--- What you should do ---
Return all of the data that follows precisely, leaving every image out.

--- Record excerpts ---
----------

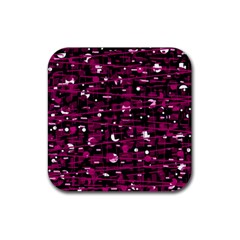 Magenta Abstract Art Rubber Coaster (square) 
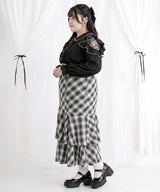 【予約　5/1発送】【4L-6L】スリット入りアシメフリルマーメイドスカート【SD】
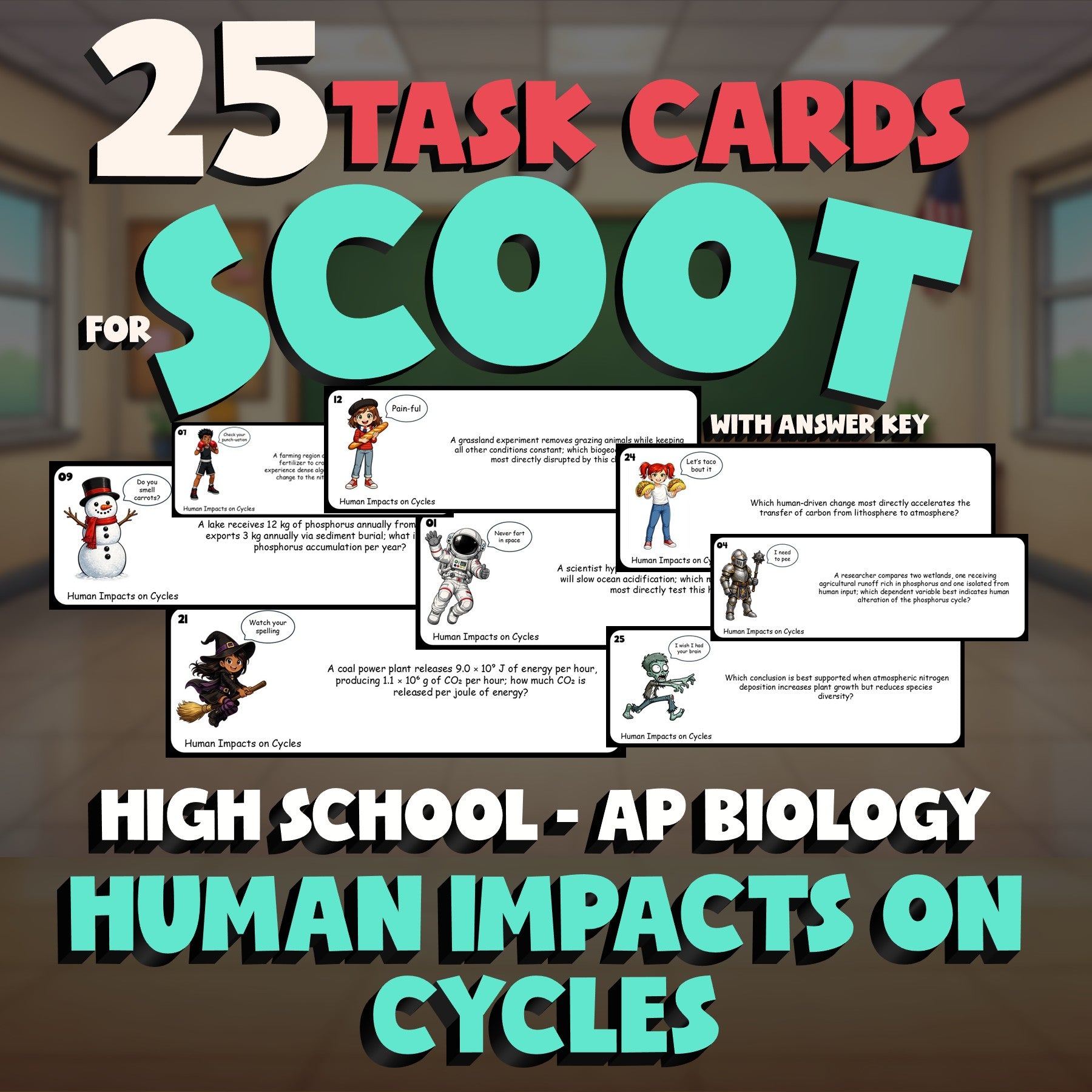 Human Impacts on Cycles SCOOT TASK CARDS Science Game - No Prep AP Biology
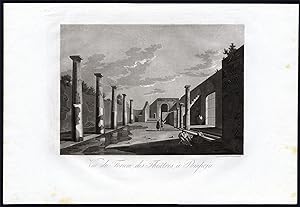 Antique Print-RUIN-THEATRE-FORUM-POMPEII-AQUATINT-Fumagalli-1830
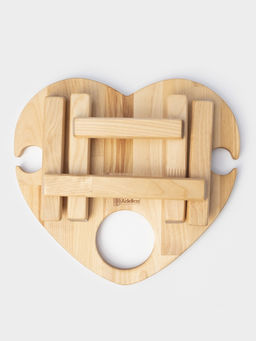 Столик - поднос для вина в форме сердца Adelica, с менажницей и складными ножками, на 2 персоны, d=30?1.8 см, дерево берёза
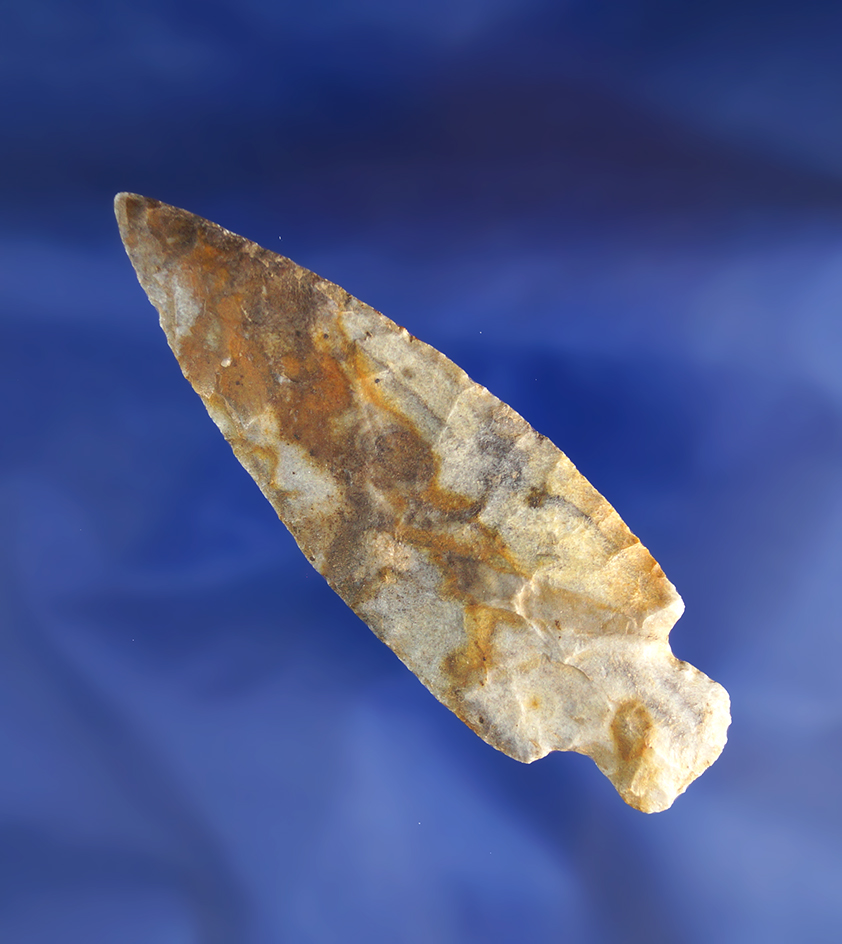 3 3/16" Stemmed Knife found in Minnesota made from gray fossil chert. Jackson COA.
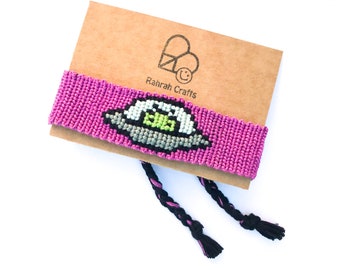 Bracelet - UFO motif friendship bracelet cuff chunky kawaii space critter unisex wrap wristband alien cute purple martian flying saucer moon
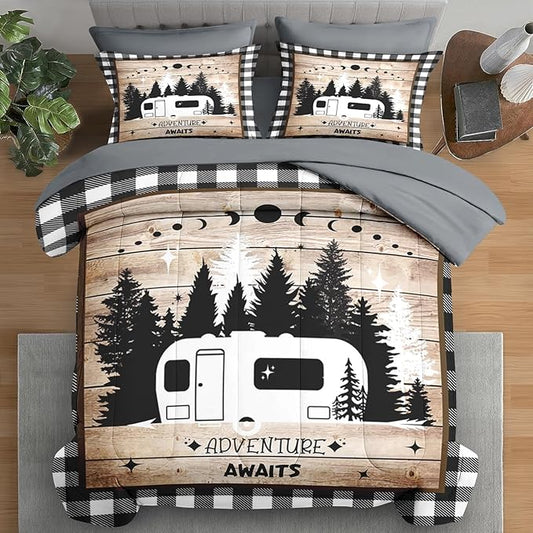 Comforter Set Twin Size, Camping Camper Rv 5 Pcs Bedding for Kids and Adults, Car Family Bed Sheet Sets with Fitted Sheet Pillowcase & Sham for Bedroom Bed Decor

----------

--- The answer ---
 Magenta Abstract Art Rubber Coaster (square) 
 【予約　5/1発送】【4L-6L】スリット入りアシメフリルマーメイドスカート【SD】
 Human Impacts on Cycles SCOOT TASK CARDS Science Game - No Prep AP Biology
 Antique Print-RUIN-THEATRE-FORUM-POMPEII-AQUATINT-Fumagalli-1830
 Столик - поднос для вина в форме сердца Adelica, с менажницей и складными ножками, на 2 персоны, d=30?1.8 см, дерево берёза
 3 3/16" Stemmed Knife found in Minnesota made from gray fossil chert. Jackson COA.
 Bracelet - UFO motif friendship bracelet cuff chunky kawaii space critter unisex wrap wristband alien cute purple martian flying saucer moon
 Comforter Set Twin Size, Camping Camper Rv 5 Pcs Bedding for Kids and Adults, Car Family Bed Sheet Sets with Fitted Sheet Pillowcase & Sham for Bedroom Bed Decor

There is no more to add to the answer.